Each business takes on some risk. So when it comes to choosing an insurance plan, your business needs to weigh factors such as its risk tolerance, predictability of losses and focus on loss control. In some cases, it may make sense to consider a loss sensitive plan, which can lower insurance premiums and provide more control of claims. The trade-off is that your company — rather than an insurance provider — has to take on a larger share of the risk. So, before you make a decision, you’ll need to talk to an experienced Frost Risk Advisor who understands the implications for your business.
We’ll meet with you to learn about your company’s claims, financial strength, predictability of losses and risk tolerance. Then we’ll evaluate your options and help you make an educated decision about the best loss sensitive plan for your company. And because of our long-standing relationships with providers, we can negotiate favorable terms for your plan.
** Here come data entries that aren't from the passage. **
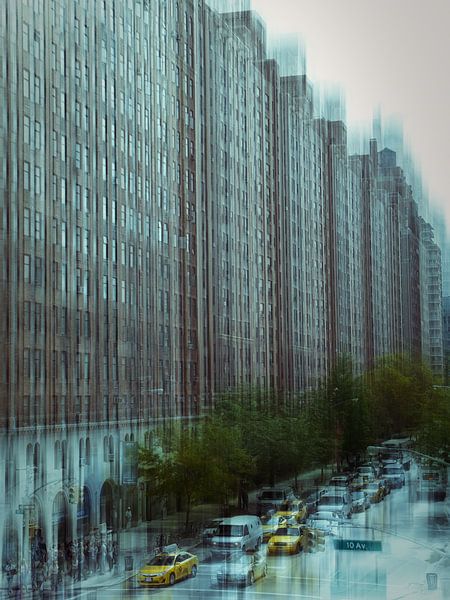 New York Art 10th Avenue by Gerald Emming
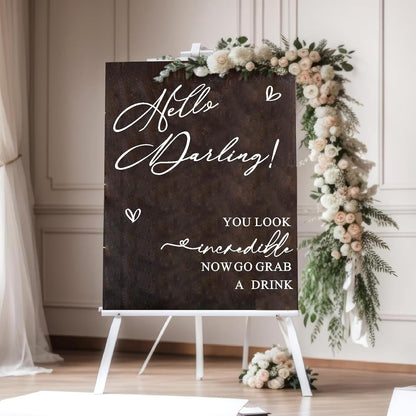 Custom Name Welcome to Our Wedding Signs Personalized Wedding Mirror Decals Selfie Mirror Decal for Wedding Entry Reception Display Golden Date Marriage DIY Vinyl Lettering Welcome Party Decoration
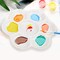 4 Pieces Ceramic Paint Palette Artist 7 Well Flower Palettes Painting Oil Watercolor Mixing Trays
A good way to get started is with our online calculator. It only takes a minute or two to find the type of loss sensitive plan that makes sense for your business.
We can help you choose from a range of coverages to find and implement the plan you need.
Guaranteed Cost Insurance
This is the traditional form of insurance, where an insurance provider assumes the risks. Your company pays a fixed cost premium to the provider, and in return the insurer pays 100% of covered losses within the available limits of coverage.
A small deductible plan is similar to guaranteed cost insurance, only the business covers some of its losses. The deductible is typically not collateralized, and losses may be deducted as a business expense.
The insured is responsible for reimbursing the insurance provider up to its deductible amount. From that point, the insurer will pay claims in excess of that amount.
- Deductibles begin as low as $50,000 and may go up to $1 million per claim
- Companies are required to put up collateral to ensure they can cover their share of loss
- Programs have fixed cost premiums, which are determined by companies’ retention levels and stop loss
Retrospective Rating Program
The insured company can adjust its premium to reflect its loss experience during the current period. The provider sets a minimum and a maximum premium agreed upon in the policy, which are significantly lower and higher than traditional “guaranteed cost” premiums.
- Business pays 100% of all covered losses until the maximum out of pocket expense has been reached for the client
- No retained/deductible amount per claim
- Losses can be prefunded (Incurred Loss Retro) or funded at the time of loss (Paid Loss Retro)
This form of self-insurance is established to insure the risks of a parent company or group of companies. Many companies consider forming a captive to save costs, manage their own risk and control their premium and loss dollars. Below are the three most common types of captives:
- Single Parent Captives—The business owns the insurance company and funds any losses it and/or its affiliate companies incur. It has high start-up costs, but can also offer the most significant rewards over time.
- Rent-A-Captive—This offers a way to experience a fully formed captive without investing in start-up costs or initial administrative work.
- Group Captives—Businesses can purchase a share of an established captive, and enter as a group with companies from the same industry (homogeneous) or from various industries (heterogeneous).